Christos G. Gkogkas

The complex polygenic nature of brain disorders, such as neurodevelopmental disorders (Autism Spectrum Disorders, fragile X syndrome, intellectual disability) neuropsychiatric disorders (depression, schizophrenia) and neurodegenerative disorders (Parkinson's disease, Alzheimer's disease) along with the plethora of contributing non-genetic factors have impeded our efforts to understand and treat them. By studying converging signalling, molecular and cellular pathways, we can shed fresh light on the causality of brain disorders.
Proteins catalyse most of the reactions in the cell on which life depends. Translational control is defined as the sum of regulatory events that dictate changes in protein synthesis, per mRNA, per unit of time, and it is a powerful means to alter protein abundance. Our lab is particularly interested in understanding the molecular and signalling mechanisms of translational control in the brain and how they control complex brain functions and behaviours, such as learning,

memory, social interactions, anxiety and fear and how they affect brain health (e.g.neurodegeneration).
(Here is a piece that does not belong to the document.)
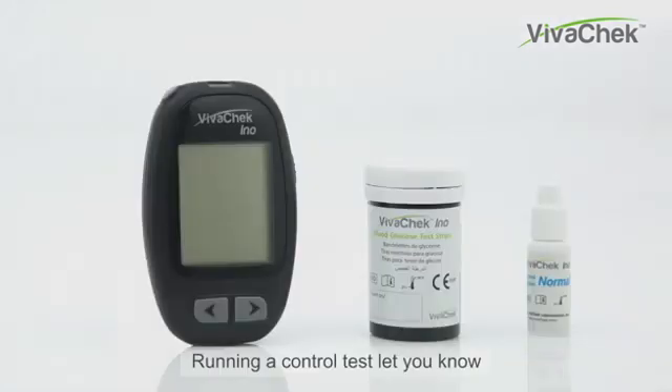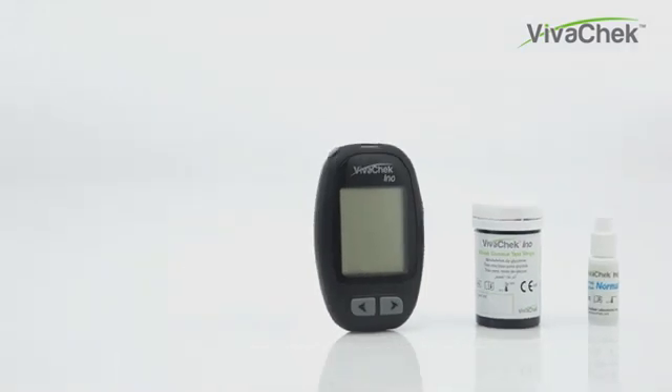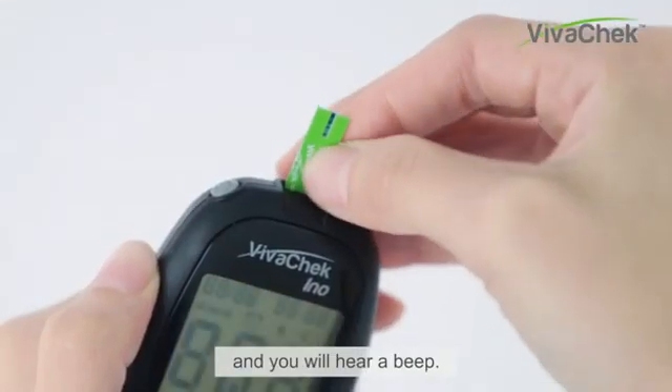Running a control test lets you know whether the meter and the test strips are working properly. You will need the VivoCheck InnoMeter, VivoCheck test strips, and control solution. VivoCheck has three levels of control solution. Insert a test strip into the meter and you will hear a beep.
Our studies have the following aims:

1. Investigating Post-Transcriptional Translational Control: The lab aims to elucidate the mechanisms of post-transcriptional regulation of gene expression in the brain, focusing on how signalling and RNA-binding proteins modulate mRNA translation.
2. Utilizing Human Pluripotent Stem Cells: The lab seeks to leverage human pluripotent stem cell-derived brain organoids to study the development and function of human neural circuits. This approach will provide insights into the cellular and molecular pathways that are disrupted in neurological diseases.
3. Developing Rodent Models of Disease: We aim to develop and characterize rodent models that accurately mimic human neurobiological disorders, such as autism. These models will facilitate the investigation of disease mechanisms and the testing of potential therapeutic compounds.

Innovating Therapeutic Strategies: We aim to explore novel therapeutic strategies targeting the dysregulation of protein synthesis in neurological disorders. By developing genetic and pharmacological tools, we aim to restore normal protein synthesis and ameliorate disease symptoms.